Teaching, for her, is an obvious career choice. “I’ve always loved kids and wanted to do teaching. It’s the challenge, and wanting to give something back, and impart my knowledge. Religion is underestimated as a subject. People say ‘oh, I don’t believe in God’. But RE can help them find out who they are.”

Education is viewed rather differently in Northern Ireland, says Lee-Anne, with teachers likely to be more concerned about job security than burn-out. “My friends were very pleased and admired me for going into teaching. My father is a joiner and my mother works in a residential home, so for them to have a daughter who went to university and became a teacher made them extremely proud.”

Lee-Anne embarks on her career this term at Mascalls school, an 1,100-pupil 11-18 comprehensive in Paddock Wood, Kent, where she has already done a teaching placement. Her starting salary is pound;17,000. “I thought I’d be going home but I realised I prefer to work here because RE is more accepted and a lot broader. And colleagues at the school have welcomed me with open arms from the beginning. I’ve been able to share the ups and downs quite openly with different people. They’ve taught me how to relax and enjoy myself and not take things too personally if a lesson doesn’t go well.”

Her main fear as she starts teaching is how parents will respond to her. “I’m 23 but some people say I only look 17 or 18. Hopefully my professionalism will carry me through, but I won’t be surprised if there’s a slight look of shock on some parents’ faces when they meet me for the first time.”

LYDIA TOUMAZOU

Lydia Toumazou, 24, graduated last summer from Homerton College, Cambridge, with a PGCE - and as holder of the university’s Charles Fox prize of excellence for all-round achievement.
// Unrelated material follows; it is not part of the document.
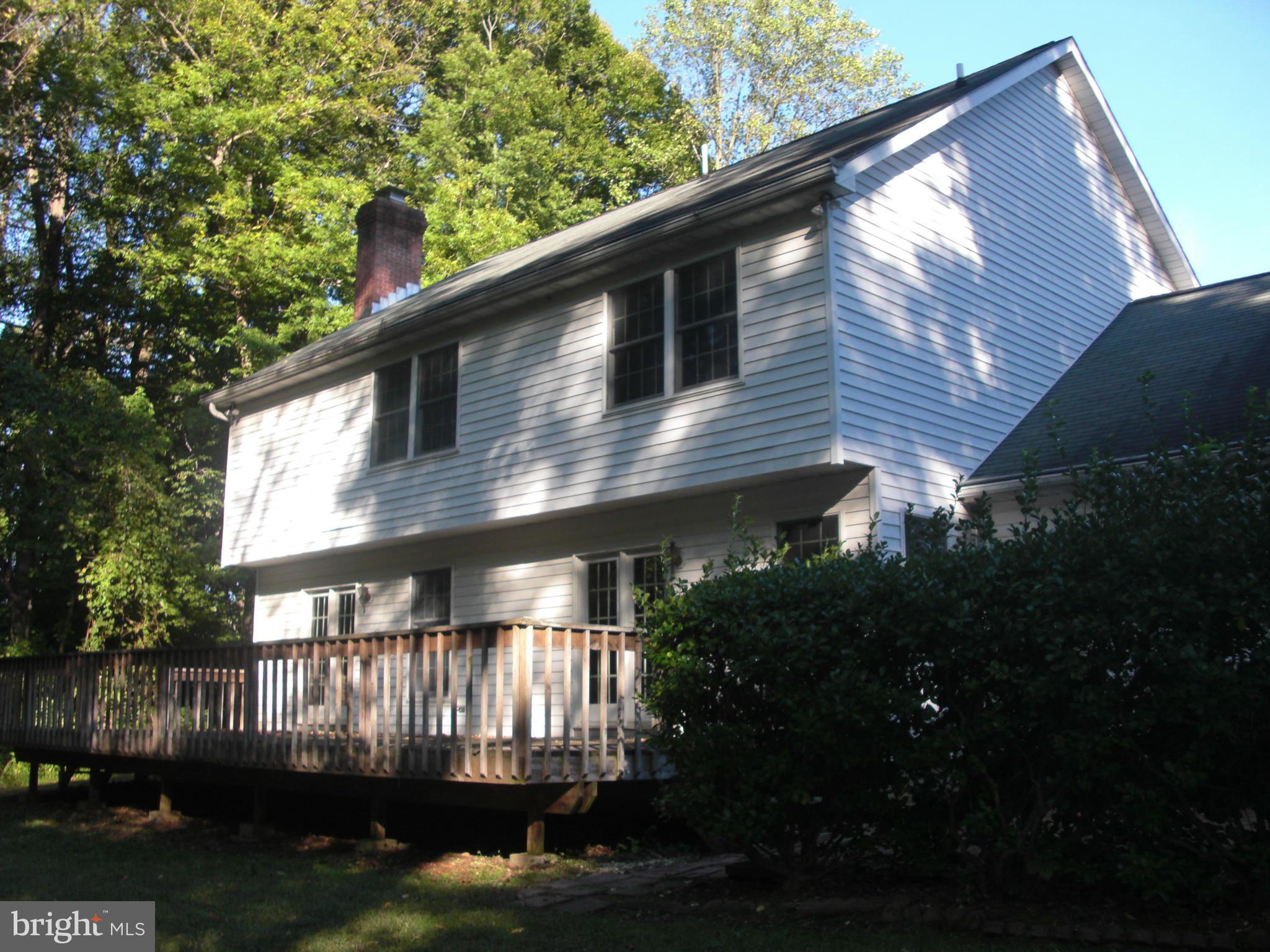 616 Westgate Road Aberdeen, MD 21001 - Photo 2 of 11 a front view of a house with a garden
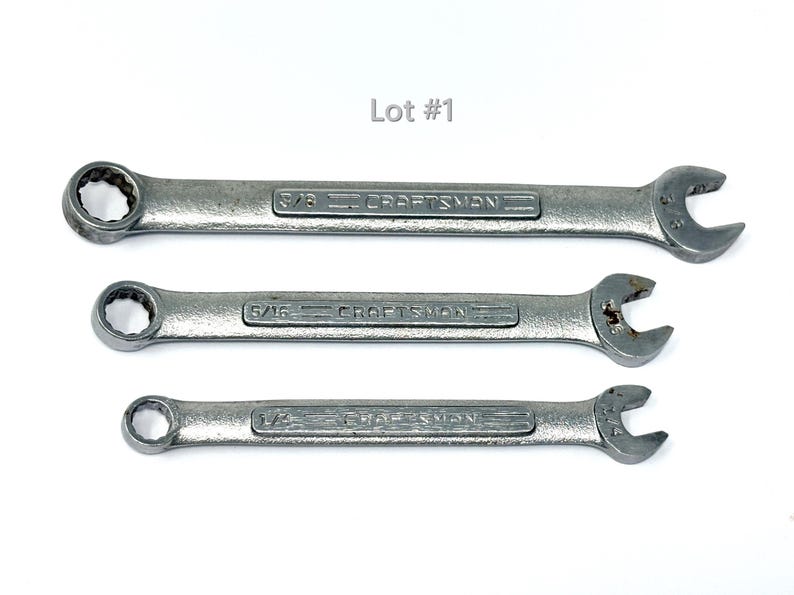 May include: Three silver-colored metal Craftsman combination wrenches arranged horizontally. The wrenches are labeled 3/8 inch, 5/16 inch, and 1/4 inch. The text Lot #1 is positioned above the wrenches. Each tool features a box end and an open end.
Lydia has a first-class degree in drama and education from Central School of Speech and Drama, and had spent two years working, including teaching dance in the United States and a spell in the learning zone of the Dome.

Unlike most trainee teachers, Lydia began the one-year PGCE course - specialising in lower primary - with a job already secured as education liaison officer for the Big Fish Theatre Company, based in Greenwich. The Government’s pound;6,000 training salary was key to her decision to train as a teacher, she says. “It was the perfect time and opportunity to secure my post through the training and, with the salary the Government offered, it was feasible to do it. I wouldn’t have done it otherwise. I couldn’t have afforded to put myself in debt like that, and it took the stress out of studying. I was able to focus completely on becoming a good teacher rather than thinking ‘oh my God, how am I going to pay the rent?’” One of five children, Lydia’s interest in performing goes back “as long as I can remember”; her mother took her to dance classes from the age of six. Studying GCSE drama at the “very tough” Preston Manor high school in the London borough of Brent sparked the passion she now exhibits for her subject. “I’m interested in taking the artistic approach, channelling PSHE issues for children using music, dance and theatre. We’re looking at things that mainstream teachers find it hard to find time to deal with, and the issues go down a storm with children.”

The training at Homerton was a positive experience, she says. “They are very pro-active in terms of imagination, creativity and positive reinforcement. I’ve definitely been trained and steered in the direction of hope, and what it really means to influence a child’s learning.”

At approximately pound;17,000, Lydia’s salary with the theatre in education company is in line with what she could have expected in school, although grant funding may lead to a pay rise more quickly. She is not motivated by money, however. “The gratification doesn’t come in a financial form, and probably never will,” she says. “I think it’s done for the love of children.”

She is hopeful that, despite the battened-down educational climate, she will be able to use the arts with children usefully. “I’ve got lots of dreams. My first is to throw myself heart and soul into the education post, and use the power of the arts in bridging social barriers. I don’t like injustice, and if you’re going to eradicate injustice the best place to start is in the education system.” She hopes one day to start her own theatre in education company.